Sahabat remaja kita semua tahu jika kegagalan adalah jalan menuju sukses. Tidak ada orang yang menemukan kesuksesan tanpa kegagalan. kesuksesan dan kegagalan ibarat dua mata koin. Mereka berbeda tapi selalu bersatu. Banyak orang yang gagal menghadapi sesuatu justru karena mereka tidak mau belajar dari kegagalan mereka. Padahal jika mereka belajar maka kemungkinan sukses justru semakin terbuka. Bukankah ada sebuah anggapan dalam masyarakat jika seseorang sudah jatuh ketika belajar motor atau sepeda maka itu pertanda jika sebentar lagi mereka bisa. Meskipun dalam pikiran kita kesan itu terlalu berlebihan, namun dalam kesan penghayatan hidup justru lebih terasa nyata. Bahwa orang yang sudah merasan pahitnya hidup justru makin terbuka lebar jalan manisnya hidup. Ingatlah "Man Jadda Wa Jada" Barangsiapa bersungguh-sungguh pasti berhasil. Oleh karena itu jika kita ingin kesuksesan maka bersungguh-sungguhlah supaya berhasil. Namun adakalanya usaha yang kita lakukan belm berhasil meskipun sudah maksimal. Ingatlah "Man Shabara Zhafira" Barangsiapa bersabar maka pasti akan beruntung. Maka bersabarlah, Tuhan pasti tahu akan usahamu. Semoga bermanfaat dan semoga berhasil.

Remaja

Remaja adalah masa dimana seorang anak sudah baligh hingga mencapai kematangan fisik dan emosional seperti orang dewasa. Banyak anak remaja yang sudah melakukan sesuatu yang dewasa. Namun, belum memakai logika dan emosi yang dewasa. Sebagai contoh banyak anak remaja yang memakai motor untuk sekedar kebut-kebutan atau gaya-gayaan sementara mereka sendiri tidak memahami akibat dari perbuatan mereka tersebut. Bahkan banyak remaja yang sudah melakukan tindakan asusila dan pengkonsumsian narkotika terlarang seperti seks bebas, berzina, dsb. Menurut penelitian, penyebab berbagai tindakan tersebut adalah pemakaian rokok, bergaul dengan lingkungan yang kurang baik, pacaran(banyak remaja yang melakukan hal ini), dan kurang kuatnya iman. Saya punya saran untuk menghindari hal itu bagi para remaja(termasuk saya sendiri) yaitu jangan berpacaran dulu (belum ngasilin duit udah ngasih makan anak orang), bergaulah dengan orang yang baik, menghindari pemakaian rokok dan menambah pengetahuan baik ilmu agama, eksak maupun umum.

Apa itu Cinta?


mungkin banyak dari kita sedang mesem-mesemnya jatuh cinta. banyak yang bilang aku sedang pengen nembaklah, lagi galaulah sampai dikecengin abis-abisan sama temen sekelas. tapi apakah itu cinta?kata orang sih cinta itu perasaan sama suka antar pasangan tersebut. tapi bener gak sih?? padahal banyak ABG jaman sekarang yang justru karena 'cinta' banyak yang gagal studinya. dari cuma gagal ulangan bagus sampe gagal lulus UN (nah lu!) loh, bukannya cinta seharusnya mengalirkan kebahagian? bukannya cinta harusnya memberi kesuksesan? bukannya cinta seharusnya membawa keberhasilan??
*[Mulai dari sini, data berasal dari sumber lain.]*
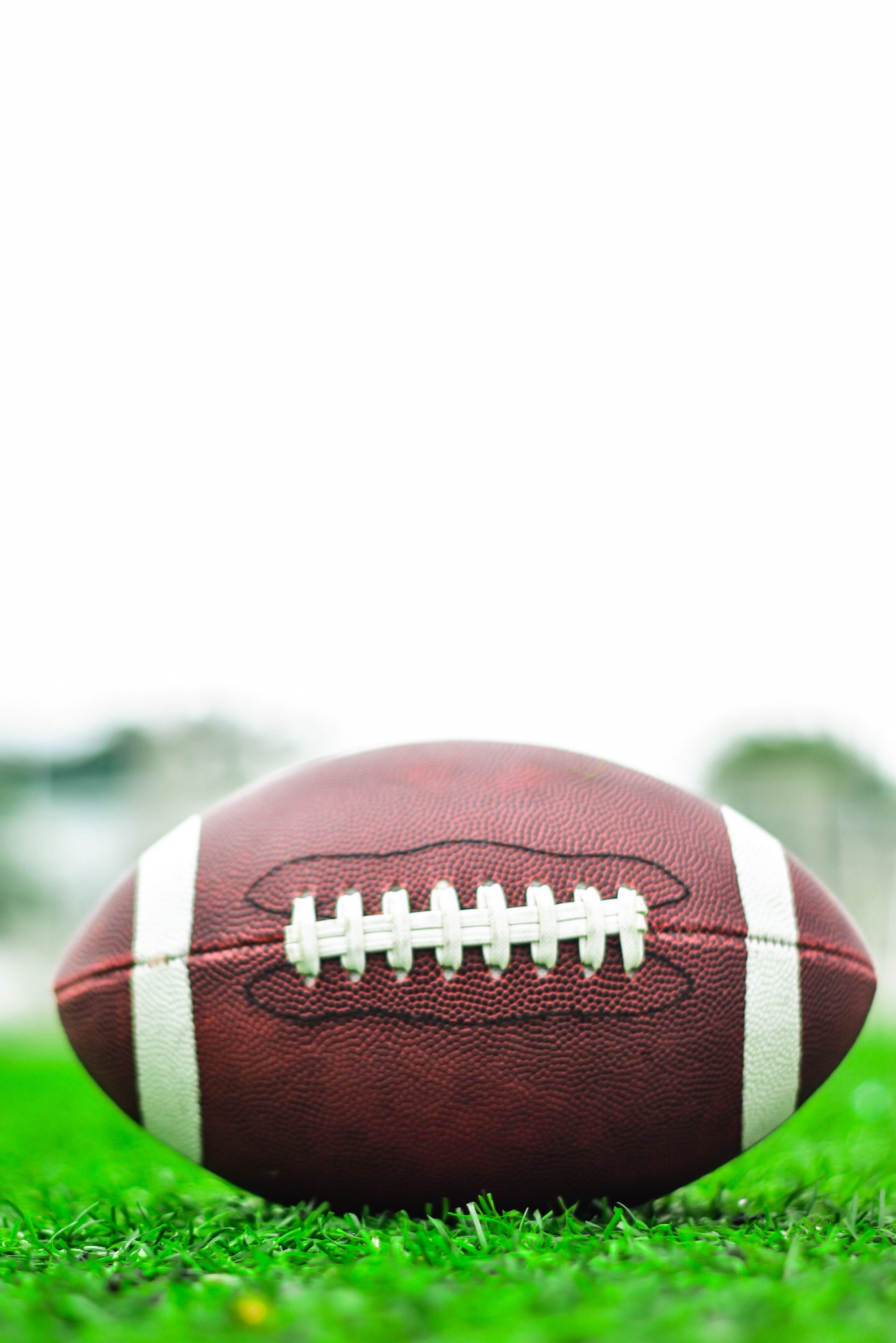 American football resting on lush green grass with clear sky background.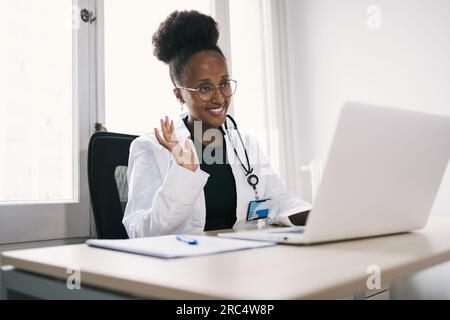 Positive African American female doctor in medical uniform waving at laptop during online consultation in clinic Stock Photo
Loh memang betul kok cinta itu megalirkan keberhasilan, kesuksesan dan keberhasilan. bahkan lebih jauh lagi bahwa cinta itu akan mendekatkan ilahi rabbi. jadi galauers (para lovers yg lg galau alias cintanya kgk dibales hehehe) janganlah berkecil hati. karena saya punya RESEP CINTA. resep ini berasal dari Ibnu Athaillah. udah deh simak aja:

"tidak ada yang bisa mengusir syahwat atau kecintaan pada kesenangan duniawi selain rasa takut kepada Allah yang menggetarkan hati, atau rasa rindu kepada Allah yang membuat hati merana."

ngerti gak?? jadi maksudnya kita haus mengusir segala kecintaan kita terhadap duniawi dengan kecintaan kepada Allah. jadi untuk masa ABG ini berusahalah untuk memaksimalkan belajar jangan mikirin jodoh. karena urusan jodoh itu urusan yang diatas. seperti kata orang, " jodoh itu mah gak kemana-mana." dan mintalah kepada Allah untuk diberikan jodoh yang soleh dan solihah dan bisa memberikan kebahagiaan sejati.